Descritta così la mia via appare per quello che potrebbe essere e cioè un placido tratto di strada poco frequentata dal passaggio pedonale. Nel suo insieme è quindi una bella strada, grande, luminosa e verde. Peccato che l’essere poco frequentata l’esponga quotidianamente ai riti incivili della sporcizia: quella leggera, fatta di pagine di giornali volati fin lì da chissà dove, di cartacce anonime, volantini e volantoni pubblicitari depositati e mai letti. E poi a quella molto meno sopportabile creata da chi nell’assenza di costanti presenze umane si sente libero di trattarla come una discarica a cui affidare pezzi vecchi o non più funzionanti della propria vita o della propria casa.

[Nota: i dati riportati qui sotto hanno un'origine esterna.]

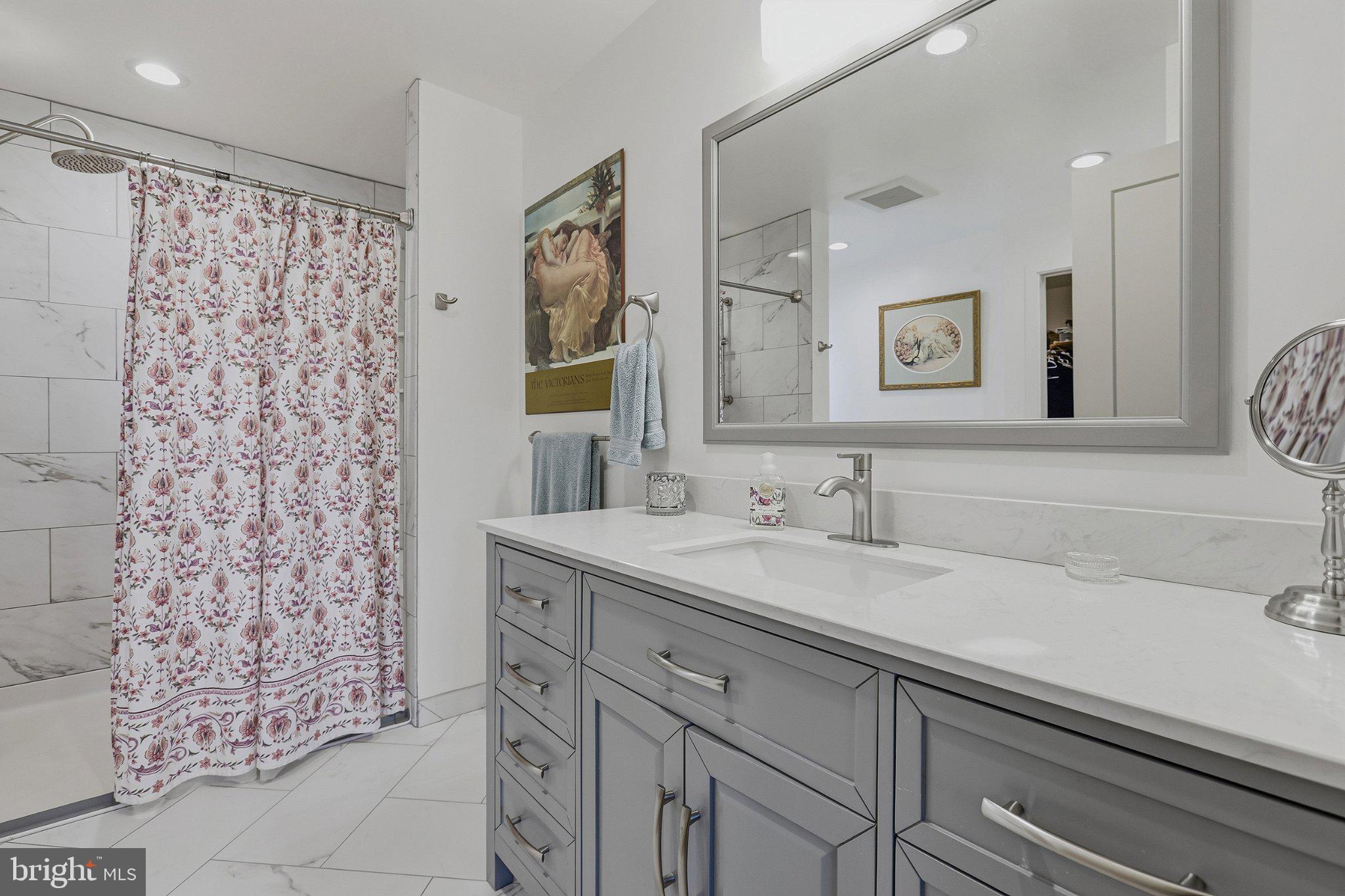 6495 Tides Road King George, VA 22485 - Photo 21 of 65 a bathroom with a sink and a mirror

Insomma, mentre con la macchina ormai ferma racimolavo oggetti e borse, nel rito finale della mia giornata lavorativa, mi accorgo che sedute sul muretto a pochi metri da me, due persone di colore, un uomo ed una donna, educatamente sistemati su vari strati di cartone stavano consumando un frugale pasto, in una sorta di pic nic metropolitano. La cosa avviene spesso in quel tratto di marciapiede perché le piante creano una piccola copertura dal sole ed il muretto invita ad una abbastanza comoda seduta. Fin qui quindi nulla di strano. Sono tranquilli e soprattutto mi è impossibile non essere solidale con chi è talmente disperato da doversi accontentare di quel desolato ed angusto spazio per rifocillarsi da una giornata ingrata.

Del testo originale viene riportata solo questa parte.